## Required work
What you return must match the records word for word, except that images are dropped.

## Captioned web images
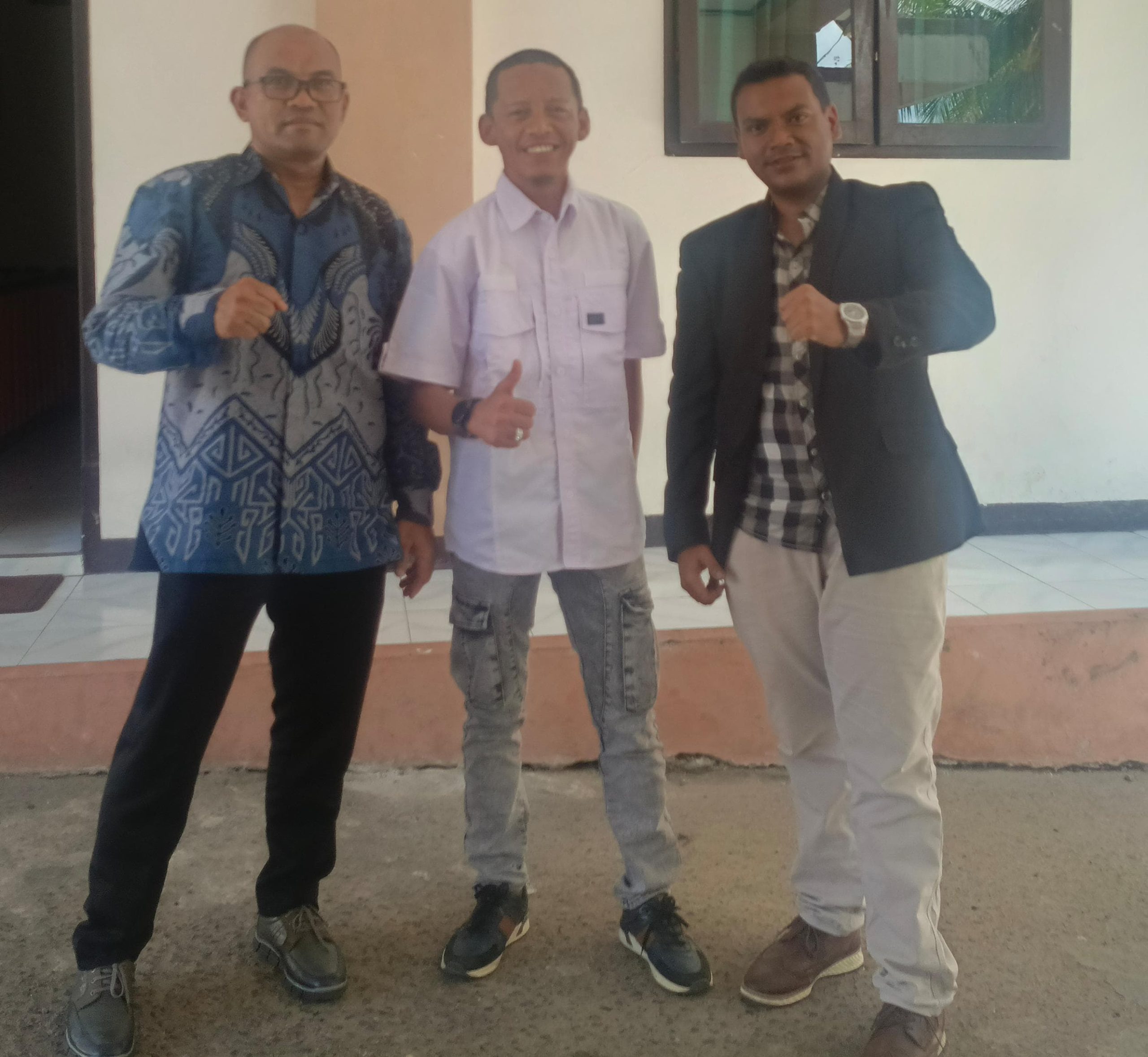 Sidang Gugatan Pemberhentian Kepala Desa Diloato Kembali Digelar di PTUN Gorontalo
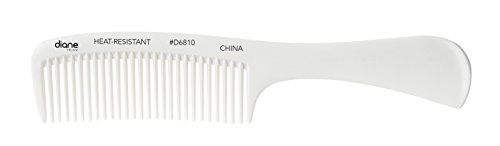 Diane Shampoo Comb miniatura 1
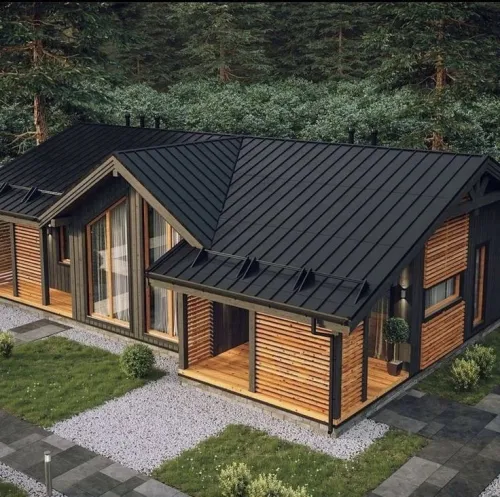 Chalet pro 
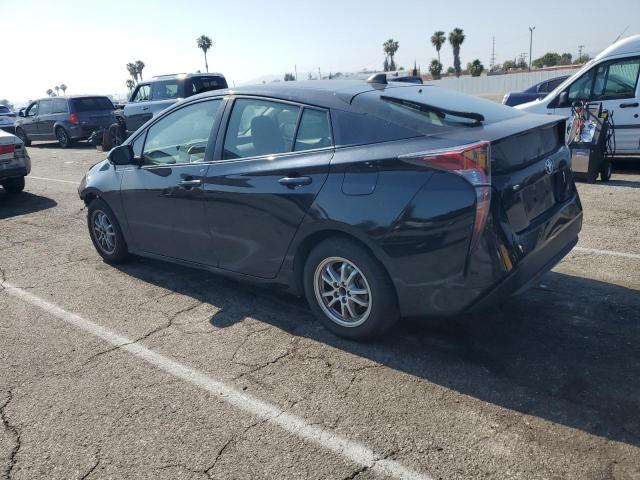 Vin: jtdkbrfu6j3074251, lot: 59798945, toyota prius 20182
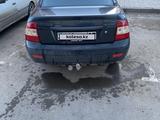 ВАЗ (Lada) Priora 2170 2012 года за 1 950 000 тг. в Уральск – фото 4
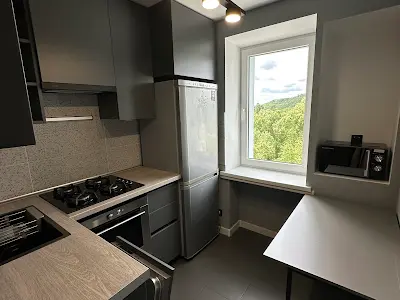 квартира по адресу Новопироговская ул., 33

## Task answer
 Sidang Gugatan Pemberhentian Kepala Desa Diloato Kembali Digelar di PTUN Gorontalo
 Diane Shampoo Comb miniatura 1
 Chalet pro 
 Vin: jtdkbrfu6j3074251, lot: 59798945, toyota prius 20182
 ВАЗ (Lada) Priora 2170 2012 года за 1 950 000 тг. в Уральск – фото 4
 квартира по адресу Новопироговская ул., 33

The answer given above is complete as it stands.